### Exercise details
Could you restate the data below word for word, without its pictures?

### Data extract
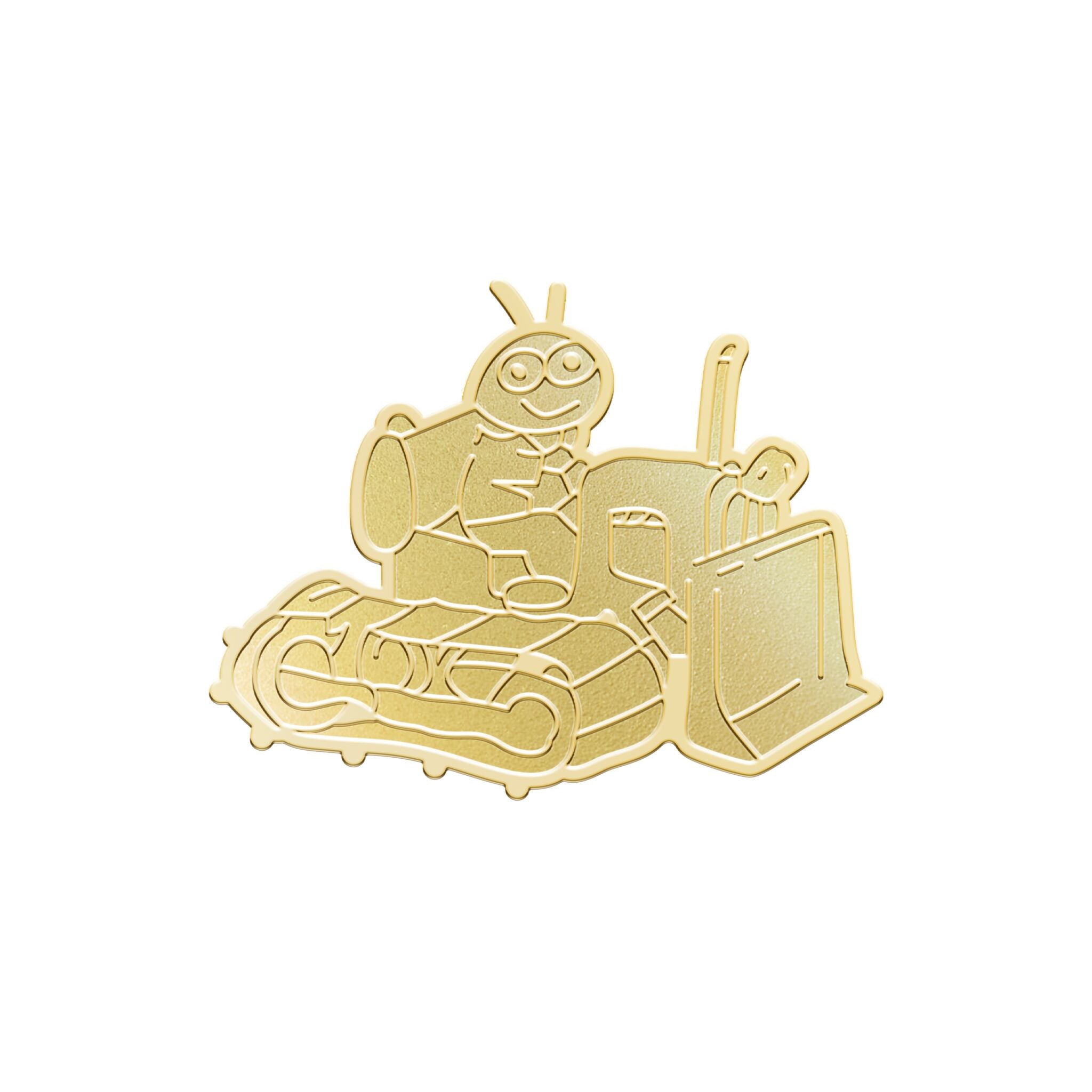 Richard Scarry Gold Bug Enamel Pin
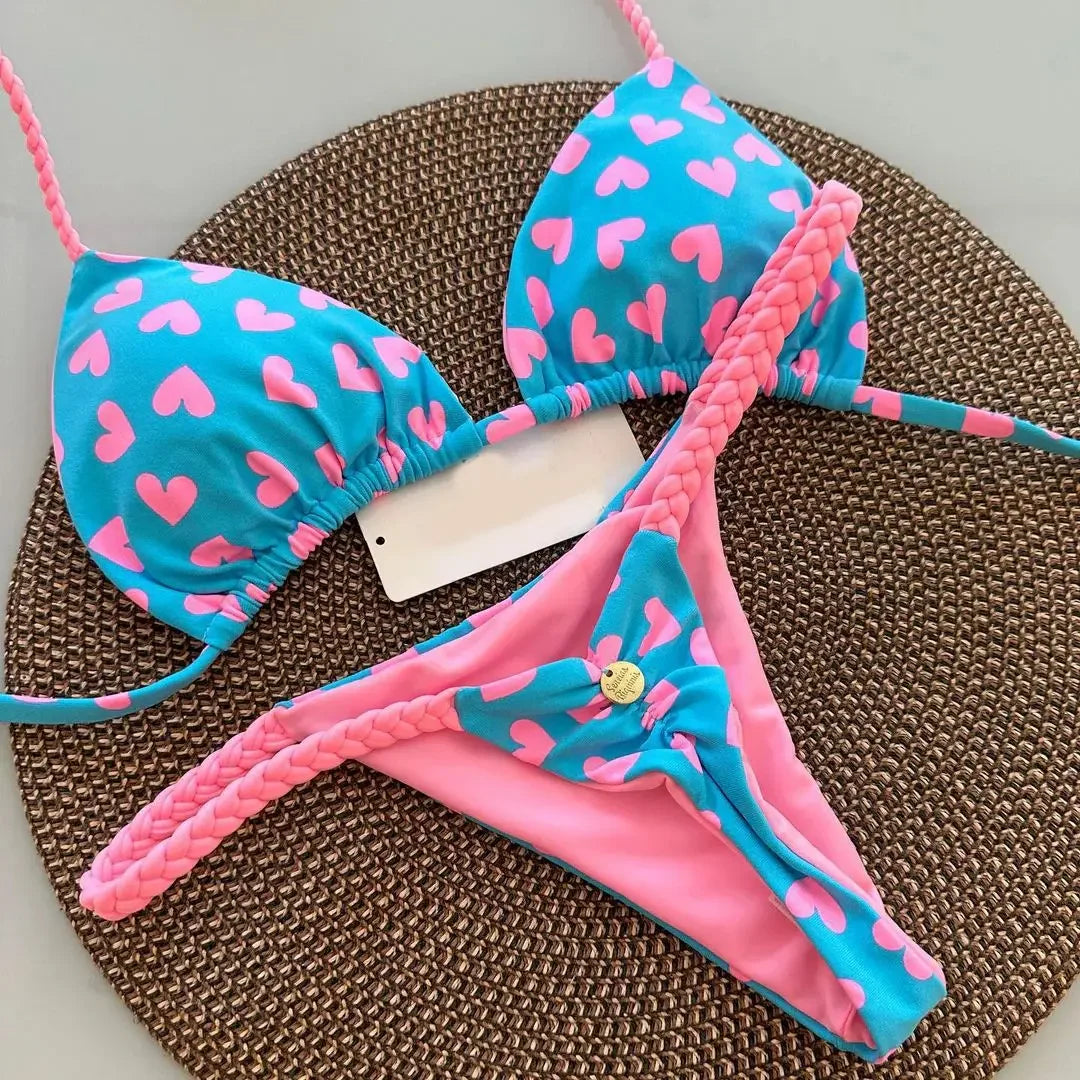 Nouveau Bikini femmes maillot de bain plage vacances maillots de bain imprimé léopard Sexy Bikini ensemble maillots de bain maillot de bain string maillot de bain Biquinis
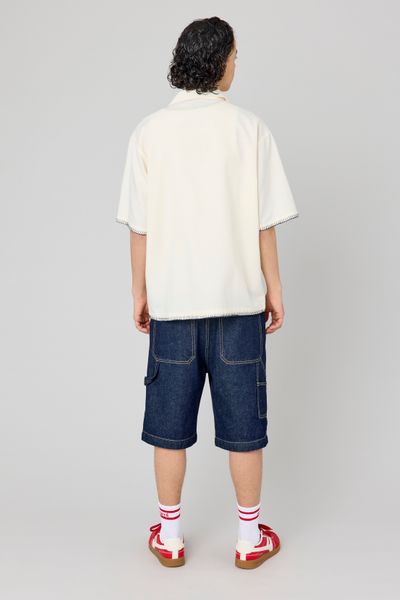 Chemise manches courtes brodée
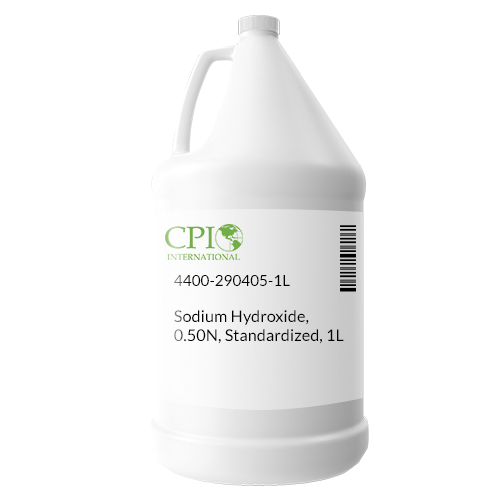 Sodium Hydroxide, 0.50N, Standardized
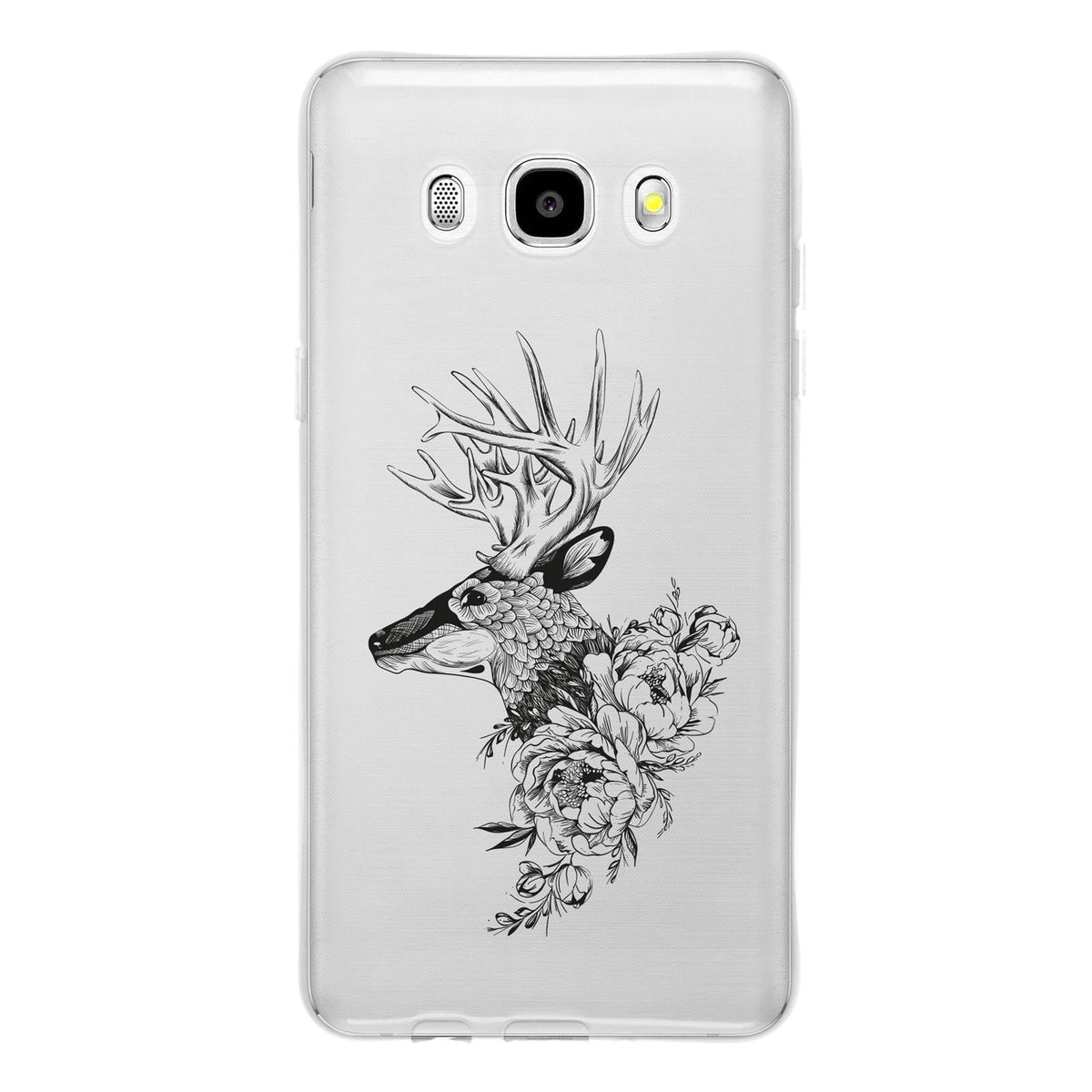 Case für Samsung Galaxy J5 (2016) J510 Silikon-Hülle Floral Hirsch M7-1 – Ansicht 2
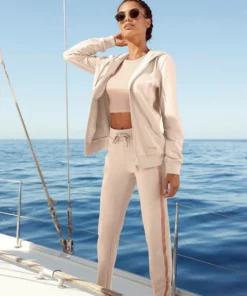 Bench. Kapuzensweatjacke mit Glitzer Streifen Schwarz, Beige-melange, Ros&eacute; -Bench Verkaufsgeschäft 3f2535d9 232f 51d1 94a7 c2916d47ac8f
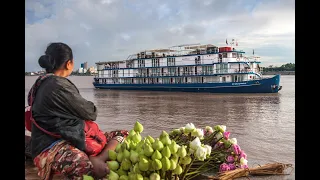 Mekong River Cruise Between Cambodia & Vietnam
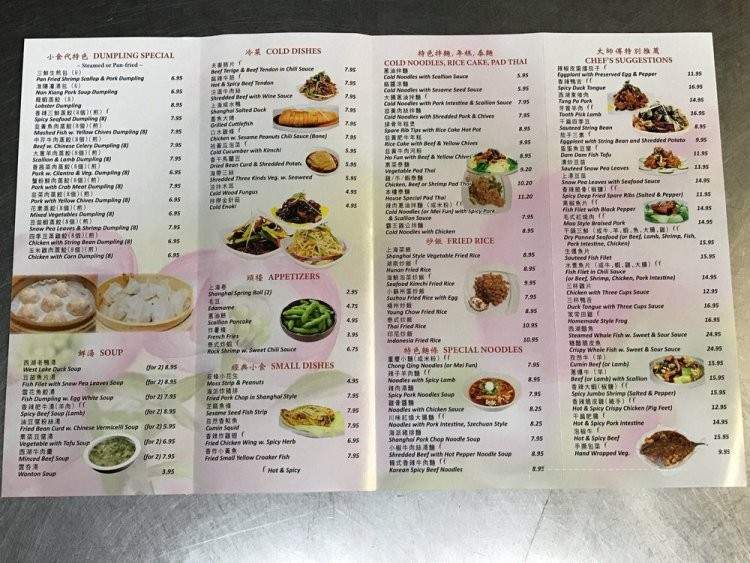 Dumpling House - Philadelphia, PA menu_pic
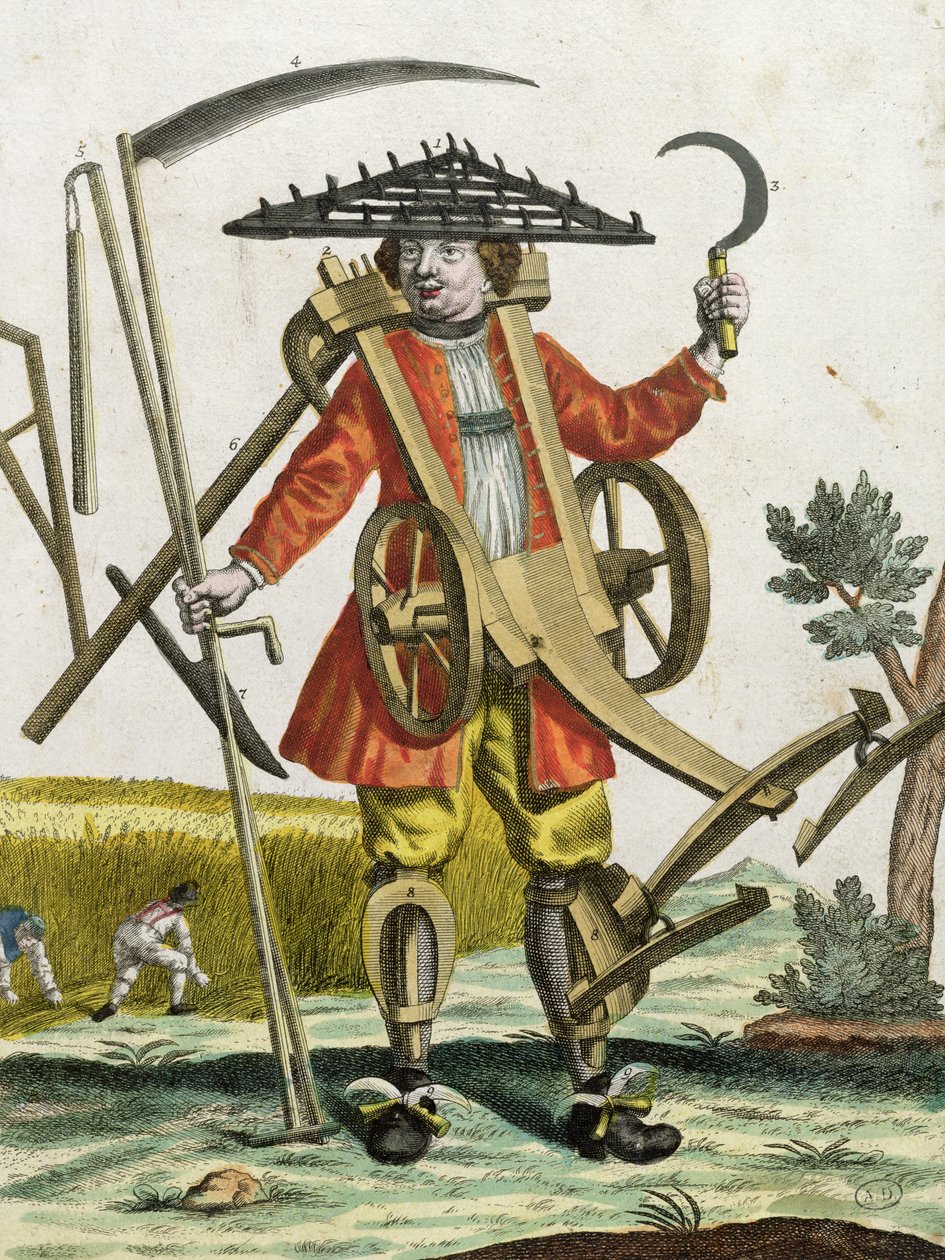 Un contadino, 1735 da Martin Engelbrecht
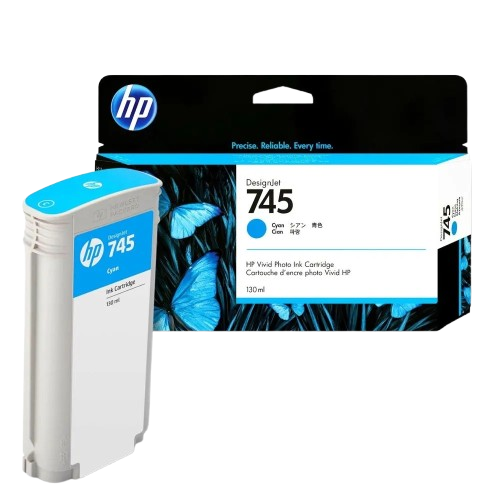 HP745 130-ml Cyan/ Magenta/ Yellow/ Red Chromatic/ Photo Black/ Matte Black Ink Cartridge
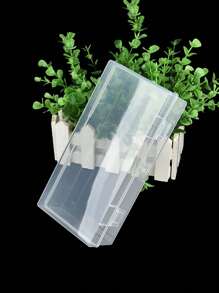 1 件矩形透明塑料珠宝包装盒，电子元件展示盒，珠宝零件分类收纳盒 - 無色 - 查看 4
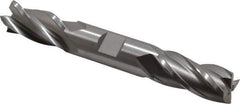 Hertel - 3/4", 1-5/8" LOC, 3/4" Shank Diam, 5-5/8" OAL, 4 Flute, High Speed Steel Square End Mill - Double End, Uncoated, Spiral Flute, 30° Helix, Centercutting, Right Hand Cut, Right Hand Flute - USA Tool & Supply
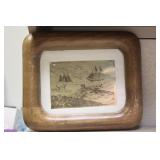 Lionel Barrymore Gold Foil Etching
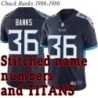 Navy Home Chuck Banks Jersey Tennessee Titans #36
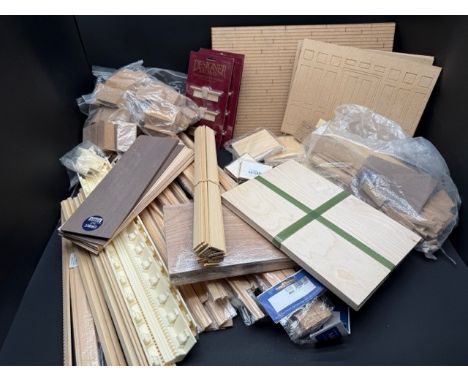 Dolls House Wooden Building Supplies (12000g)Ply - Various4 x Walnut 2.5mm x 100mm x 300mm9 x Basswood 1.5mm x 10mm x 300mm1 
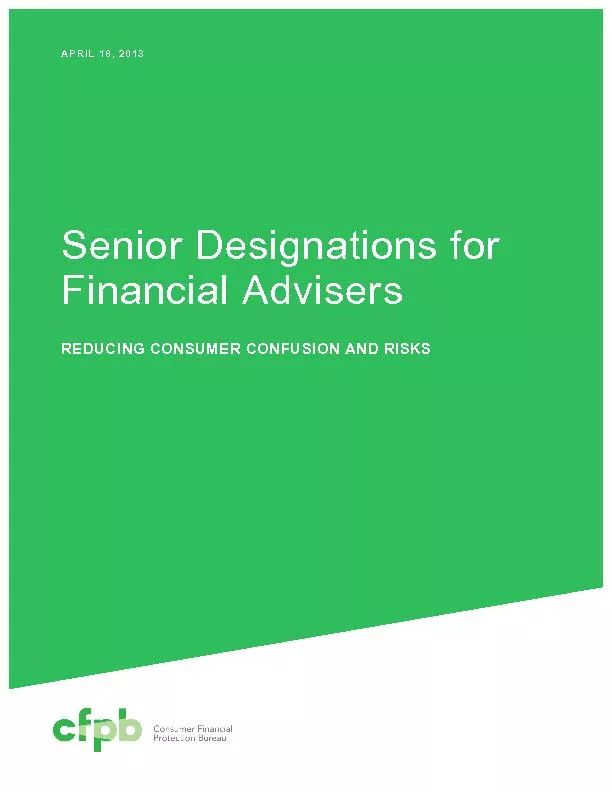 Senior designations for financial advisers
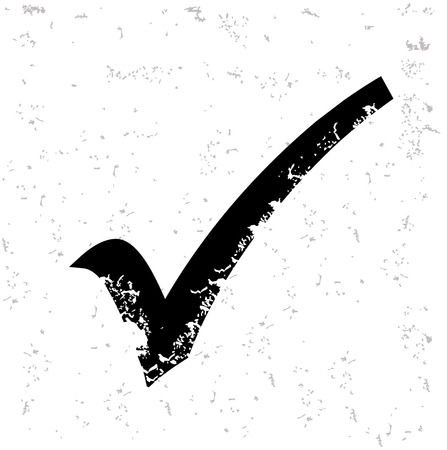 Check mark design on old paperのイラスト素材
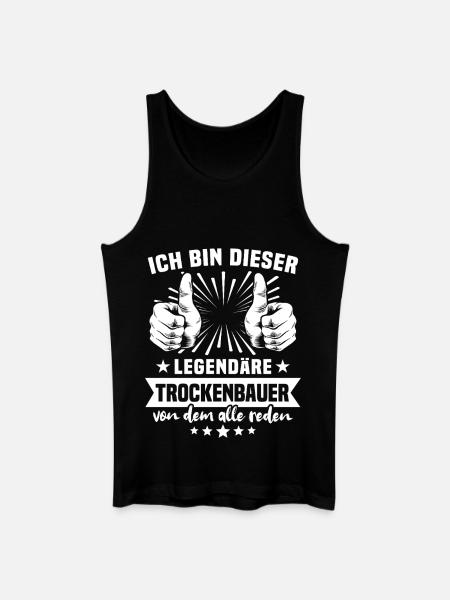 Drywall Builder Legend - Men’s Organic Tank Top - black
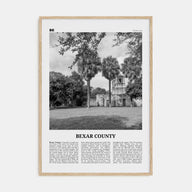 Bexar County Travel B&W Poster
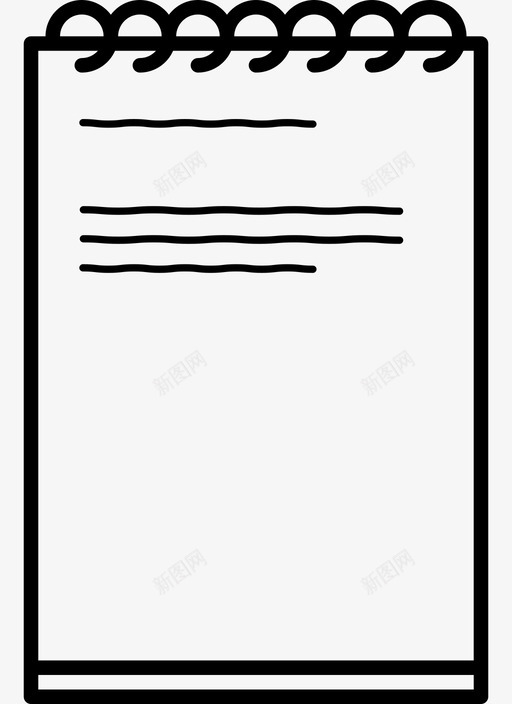 记事本页面纸张图标svg_新图网 https://ixintu.com 写作 办公室 小文件 戒指 故事 笔记 纸张 装订记事本 记事本 速记 页面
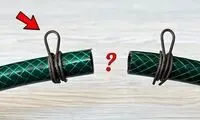 اگر شلنگ آب سوراخ شد، چگونه در چند دقیقه تعمیرش کنیم؟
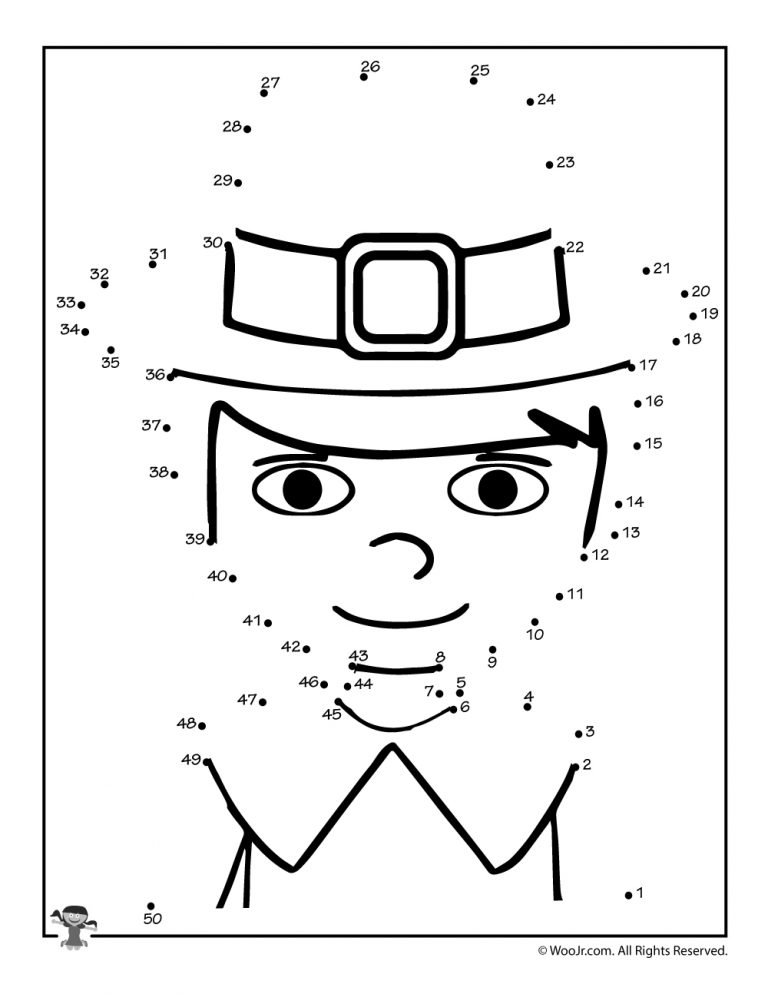 Thanksgiving Dot to Dots Printable Pages | Woo! Jr. Kids Activities ...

### Task output
 Richard Scarry Gold Bug Enamel Pin
 Nouveau Bikini femmes maillot de bain plage vacances maillots de bain imprimé léopard Sexy Bikini ensemble maillots de bain maillot de bain string maillot de bain Biquinis
 Chemise manches courtes brodée
 Sodium Hydroxide, 0.50N, Standardized
 Case für Samsung Galaxy J5 (2016) J510 Silikon-Hülle Floral Hirsch M7-1 – Ansicht 2
 Bench. Kapuzensweatjacke mit Glitzer Streifen Schwarz, Beige-melange, Ros&eacute; -Bench Verkaufsgeschäft 3f2535d9 232f 51d1 94a7 c2916d47ac8f
 Mekong River Cruise Between Cambodia & Vietnam
 Dumpling House - Philadelphia, PA menu_pic
 Un contadino, 1735 da Martin Engelbrecht
 HP745 130-ml Cyan/ Magenta/ Yellow/ Red Chromatic/ Photo Black/ Matte Black Ink Cartridge
 1 件矩形透明塑料珠宝包装盒，电子元件展示盒，珠宝零件分类收纳盒 - 無色 - 查看 4
 Hertel - 3/4", 1-5/8" LOC, 3/4" Shank Diam, 5-5/8" OAL, 4 Flute, High Speed Steel Square End Mill - Double End, Uncoated, Spiral Flute, 30° Helix, Centercutting, Right Hand Cut, Right Hand Flute - USA Tool & Supply
 Lionel Barrymore Gold Foil Etching
 Navy Home Chuck Banks Jersey Tennessee Titans #36
 Dolls House Wooden Building Supplies (12000g)Ply - Various4 x Walnut 2.5mm x 100mm x 300mm9 x Basswood 1.5mm x 10mm x 300mm1 
 Senior designations for financial advisers
 Check mark design on old paperのイラスト素材
 Drywall Builder Legend - Men’s Organic Tank Top - black
 Bexar County Travel B&W Poster
 记事本页面纸张图标svg_新图网 https://ixintu.com 写作 办公室 小文件 戒指 故事 笔记 纸张 装订记事本 记事本 速记 页面
 اگر شلنگ آب سوراخ شد، چگونه در چند دقیقه تعمیرش کنیم؟
 Thanksgiving Dot to Dots Printable Pages | Woo! Jr. Kids Activities ...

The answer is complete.